Il faut préciser que si le nombre maximum de réponses que IPRally permet d’afficher est limité à 500, en réalité le moteur de recherche basé sur l’IA retrouve environ 10 000 documents qu’il considère comme étant les plus proches de la question. Seuls donc les 500 premiers sont affichables. Lorsque l’on précise la question via la fonction « Zoom to favorites » ou les filtres (codes CIB ou CPC par exemple), le moteur de recherche prend en compte ces « favoris » ou ces filtres pour réexécuter la recherche non pas seulement sur les 500 premiers résultats, mais sur la totalité des 10 000 – environ – retrouvés au départ.
L’outil fait l’objet d’améliorations régulières, la dernière en date (juin 2021) étant la possibilité d’exclure les documents comprenant un mot-clé particulier lorsque l’on précise la recherche.

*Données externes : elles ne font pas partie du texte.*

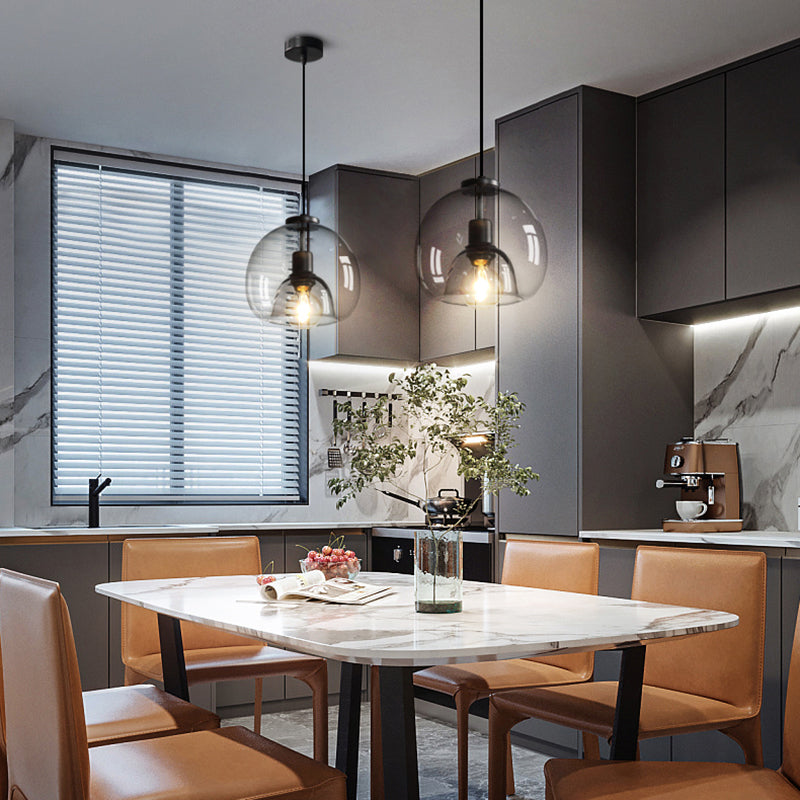 Glazen zwarthangende lamp in moderne artistieke stijl Iron Globe Hanglamp voor eetkamer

Des fonctions d’analyse statistique et d’export minimalistes
IPRally ne permettant pas d’afficher plus de 500 réponses, les fonctions d’analyse statistique sont donc minimalistes.
Nous dirons que ce n’est pas ce qui motivera l’utilisation du produit.

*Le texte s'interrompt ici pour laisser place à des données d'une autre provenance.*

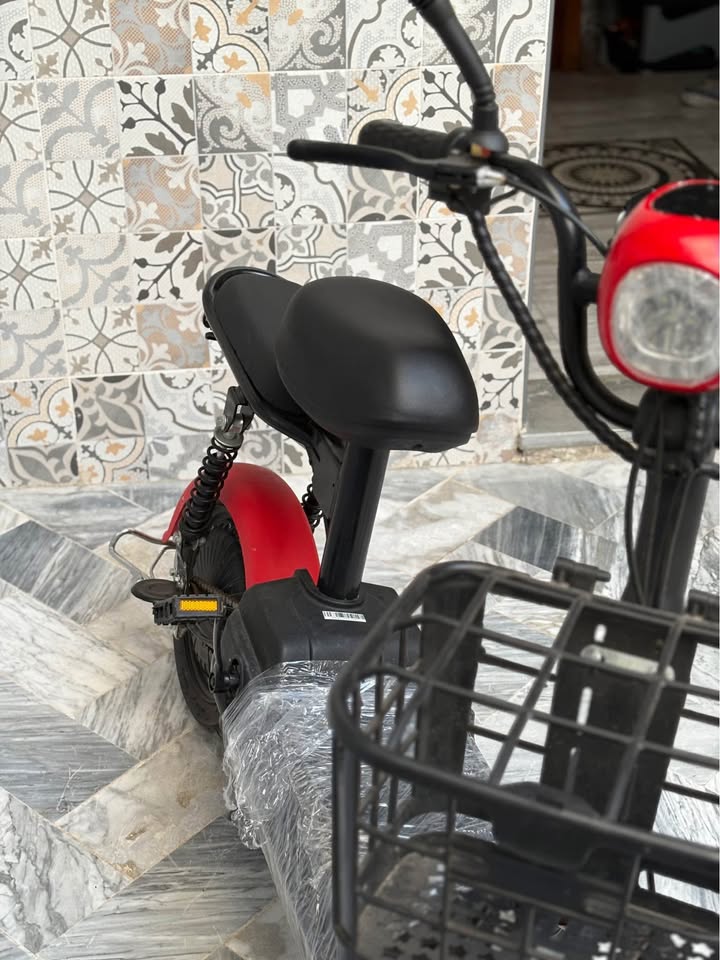 yadea-scooter-electrique-vue-laterale-gauche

Elles sont accessibles via un onglet dédié qui affiche sous-groupes CPC, déposants, inventeurs, offices de dépôt et années de publication les plus fréquents. Une fonction permet d’exporter sous format Excel un fichier comprenant les champs bibliographiques classiques, de même que le score de pertinence.
Des aides et tutoriels permettent de prendre en main le produit.
L’épineuse question de la sécurité des données
C’est une question qui ne se pose pas que pour IPRally, elle se pose dès que l’on entre une requête sur un moteur de recherche et que cette requête transite via divers réseaux dont on ne connaît pas le niveau réel de sécurisation.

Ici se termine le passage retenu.